ASSIGNMENT
The entries below contain pictures. Write out only the lines from the line with "Entryway with wood" up to and including the line with "A group of five", exactly, without them.

SUPPLIED RECORDS

_ _ _ _ _ _ _

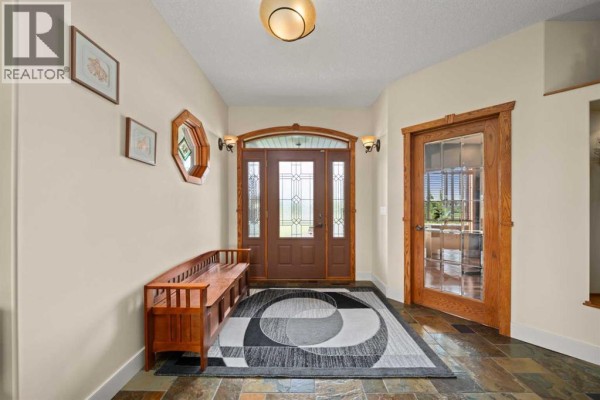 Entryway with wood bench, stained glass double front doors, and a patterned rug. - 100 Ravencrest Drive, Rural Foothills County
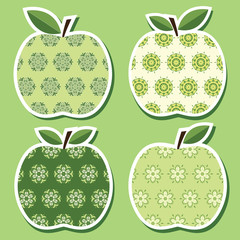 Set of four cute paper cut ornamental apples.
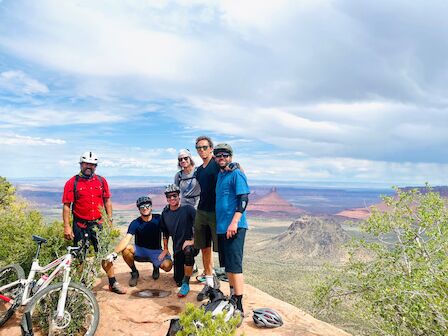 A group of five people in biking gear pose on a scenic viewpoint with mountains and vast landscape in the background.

_ _ _ _ _ _ _

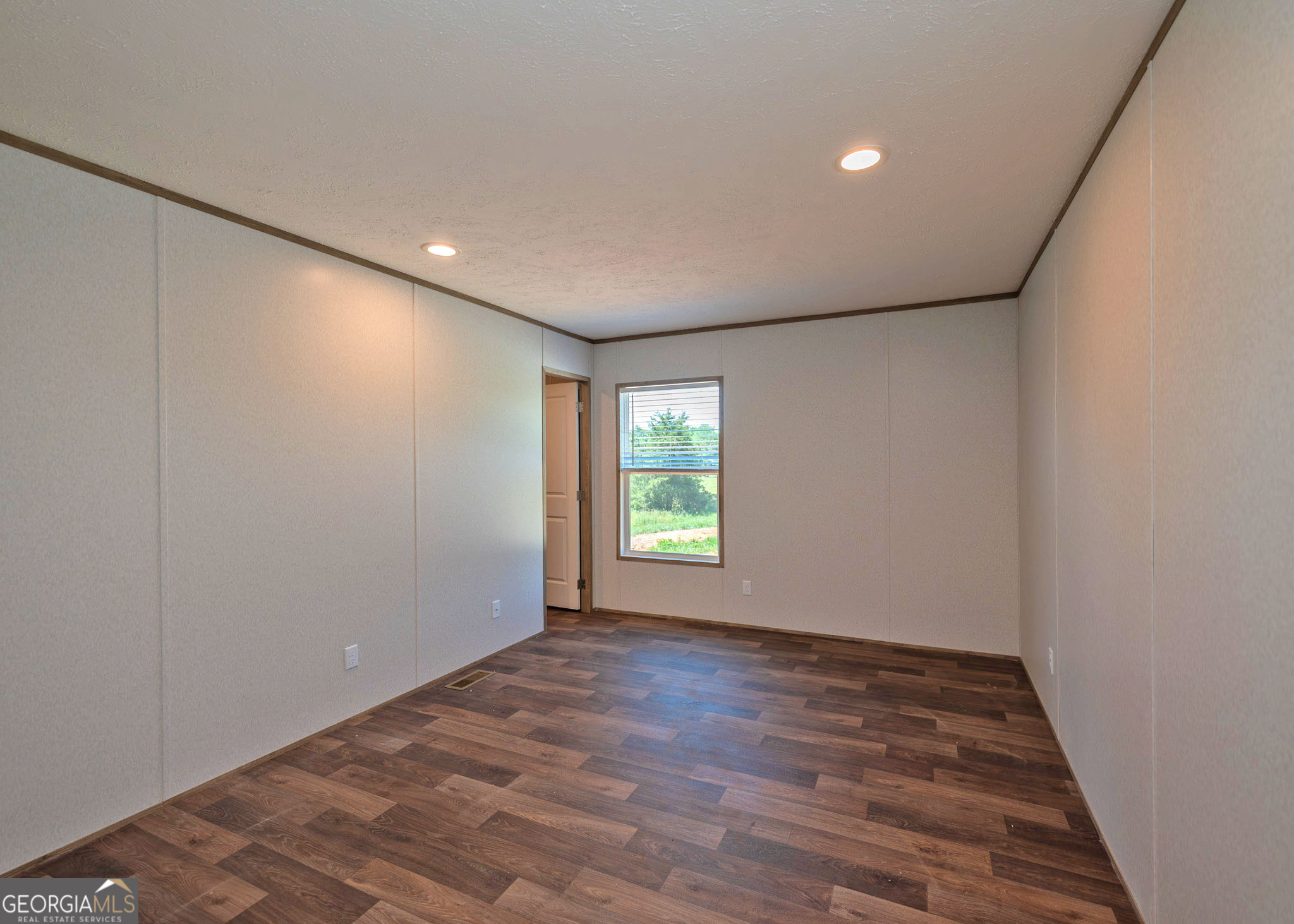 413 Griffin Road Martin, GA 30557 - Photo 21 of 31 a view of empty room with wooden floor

_ _ _ _ _ _ _

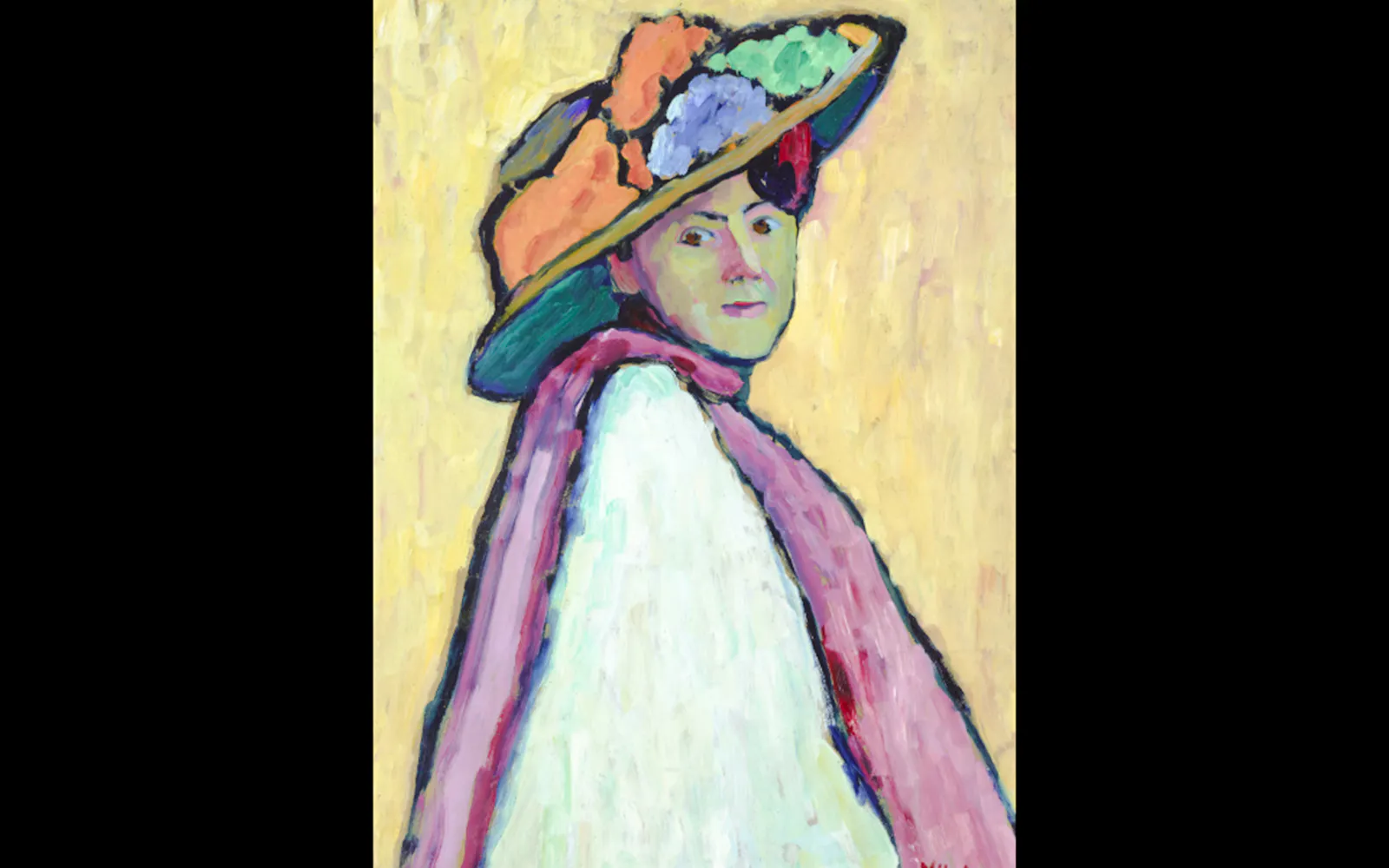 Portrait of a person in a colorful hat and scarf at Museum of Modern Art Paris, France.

_ _ _ _ _ _ _

YOUR RESPONSE
 Entryway with wood bench, stained glass double front doors, and a patterned rug. - 100 Ravencrest Drive, Rural Foothills County
 Set of four cute paper cut ornamental apples.
 A group of five people in biking gear pose on a scenic viewpoint with mountains and vast landscape in the background.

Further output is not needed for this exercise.